My cat is so finicky. I finally gave up and taught him how to order Uber Eats for himself.
Growing a beard is the closest I’ve come to caring for an animal.
Red wine has anti-inflammatory properties so if there is a god, she is a middle aged mom.
When I win the lottery I’m getting a pool boy, maybe I’ll even get a pool.
I want a transformer who turns into a vacuum (no cool reason I just want him to vacuum)
amazon: your order has been placed
me: great thanks
amazon: your order is being prepared
me: cool
amazon: your order is being put in the truck
me: it’s ok i don’t need an update on every step
amazon: the driver just buckled his seatbelt
Congratulations to the sweater, another year of being the most disgustingly named piece of clothing.

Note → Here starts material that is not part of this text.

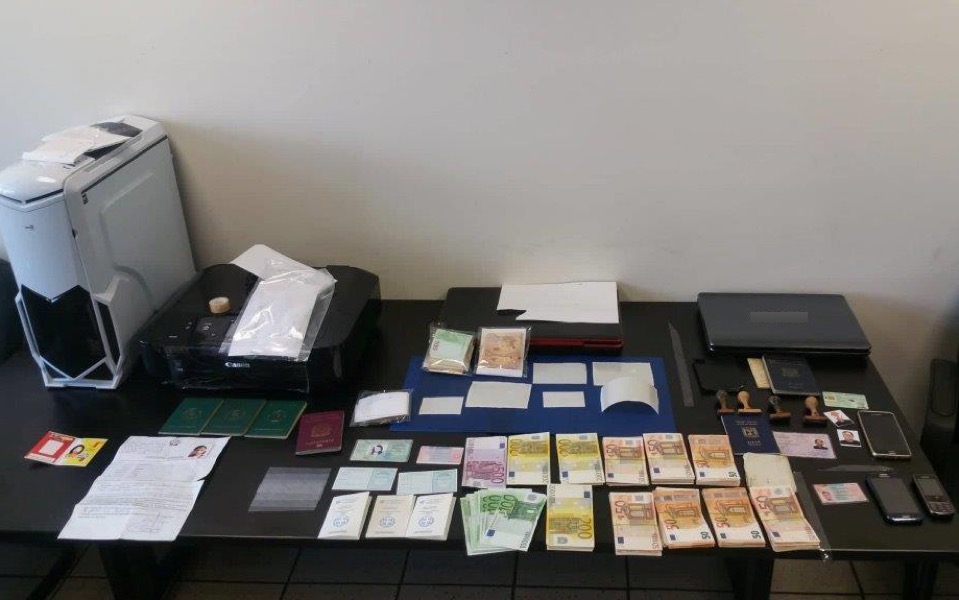 Police cracks down on passport forgery ring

We were stuck in traffic once when I was a kid and I had to pee so badly that I cried and my mom gave me a coffee cup to pee in and I think about that day every time I pee in a coffee cup.
Remember back when we had energy? Those were the days.
Facebook: Hey remember this pic of your dog that died?
Me: Damnit Facebook not now.
FB: Sorry…
FB: Your ex girlfriend is getting married.
[date gets back from the bathroom]
those batman toys in the tub are so cute! How old are your kids?
“kids?”
Pancakes are just crepes who let themselves go after college.
I always bring a glass of water to bed with me so I have something to knock over in the middle of the night
When an old lady dies and then her husband dies a couple of weeks later, it isn’t because his heart is broken. It’s because he can’t cook.
Perfume is designed to be an invisible accessory.
It’s not designed to instantly kill the canary when you entered the room.
When the girl working the counter says “would you like fries with that?” say..”are you calling me fat??” then burst into tears. Free meal.